FTI said it had no choice but to terminate the employment of Yabulu’s remaining 550 workers on Friday and they were not offered new contracts under Queensland Nickel Sales as previously thought.
QNS yesterday said the administrators agreed to fund a number of shipments to allow the refinery to continue to operate.
Palmer’s nephew Clive Mensink, who had been managing director of collapsed parent company Queensland Nickel (QN), said it was agreed the administrators would transfer property and approvals to QNS.
“In the following days, QNS made relevant applications to the Queensland government to transfer the necessary approvals to operate the refinery once the administrators had terminated the workforce, which was scheduled by the administrators to occur on March 11, 2016,”Mensink said.

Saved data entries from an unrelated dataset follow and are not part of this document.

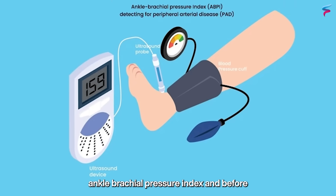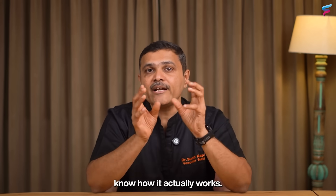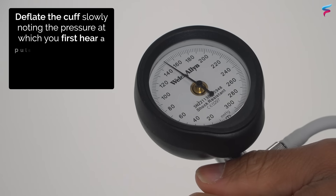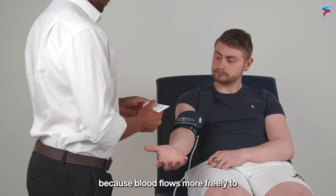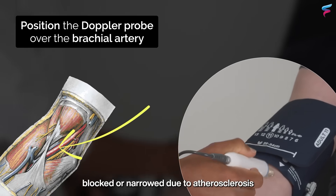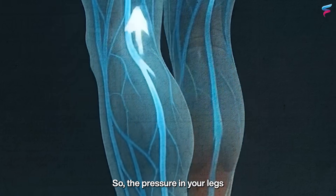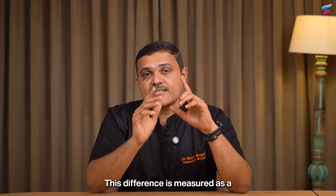ABI is also called the Ankle Brachial Pressure Index. In simple words, it compares the blood pressure in your legs or ankle with the blood pressure in your arm. Normally, the pressure in your legs should be equal to or slightly more than the pressure in your arms because blood flows more freely to healthy arteries. But when arteries are blocked or narrowed due to atherosclerosis and plaque, the pressure in your legs starts becoming lower.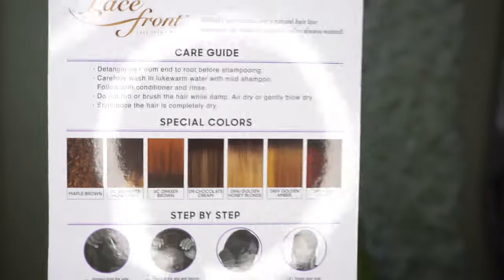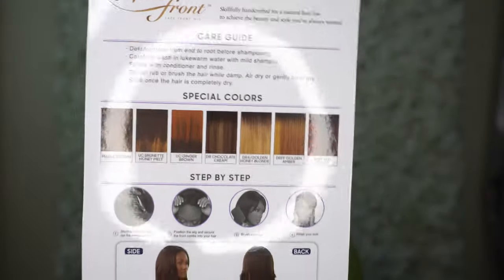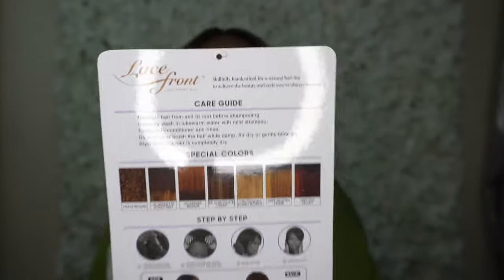It's a pretty simple stock card, and this is what the back of the card is looking like. It does come in a bunch of other specialty colors. I am feeling this color that I got, DR Chocolate Cream — I am loving these super cute highlights.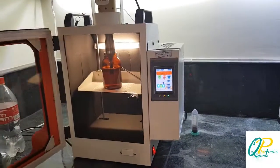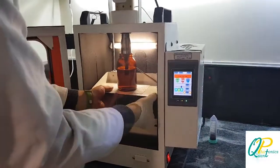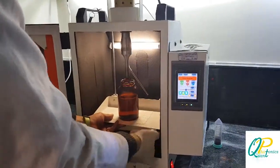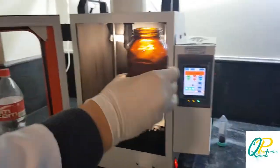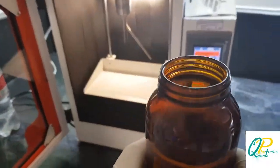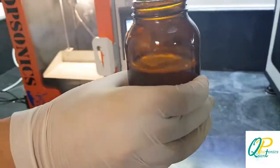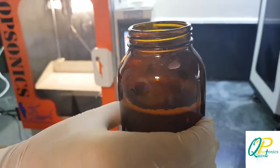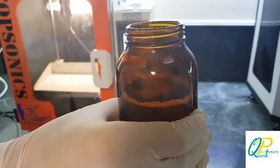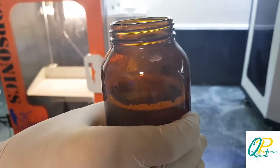After almost ten minutes, all of our nanoparticles are stabilized. We can take the container out, and you can see them. The solution is stabilized using the surfactant and ultrasonic waves. Thank you guys. Please subscribe to our Quantonix YouTube channel. Bye for now.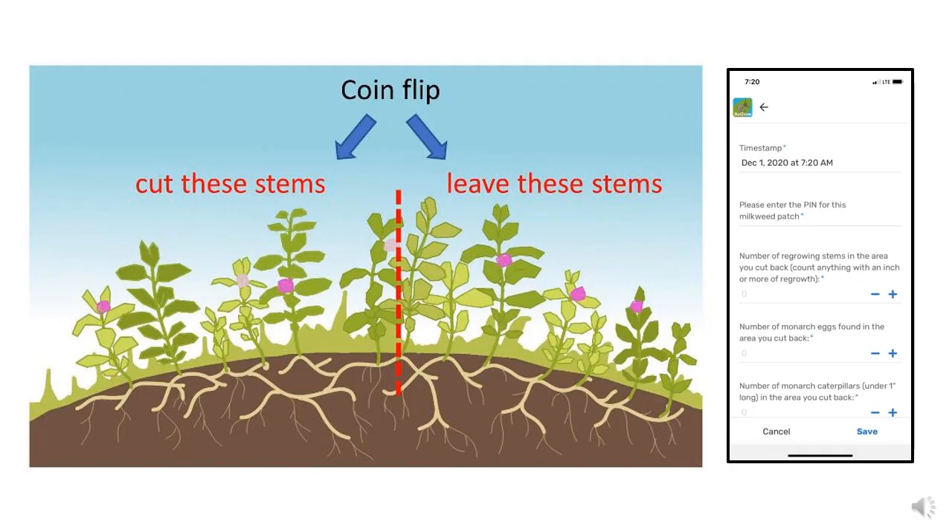We asked folks who helped with this study to find a patch of common milkweed, and they reported how many stems it had, the setting it was growing in — like lawn, garden, or unmowed grass — and the landscape context of the study area, whether it was in an urban, suburban, agricultural area, etc. We had posted instructions for this on the Regrow Milkweed for Monarchs website and on YouTube.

“As the approvals had been planned to be transferred, in essence, to the same refinery and port operations personnel, it was anticipated that these transfers would not take more than a few days to receive government approval.”
QNS accused the administrators of freezing the bank accounts of QN, meaning that QNS did not receive the $A10 million it was expecting.
“The administrators reversed their decision, and instead of continuing to receive ore for the business, sought to cancel orders and sell the ore to other parties,” Mensink said.
“Because of the cancellation of nickel ore orders by the administrators, there is no nickel ore projected to be delivered to the refinery.
“The result is that QNS is not in a legal position to operate the refinery or because of the above reasons, does not currently know when it will be in such a position.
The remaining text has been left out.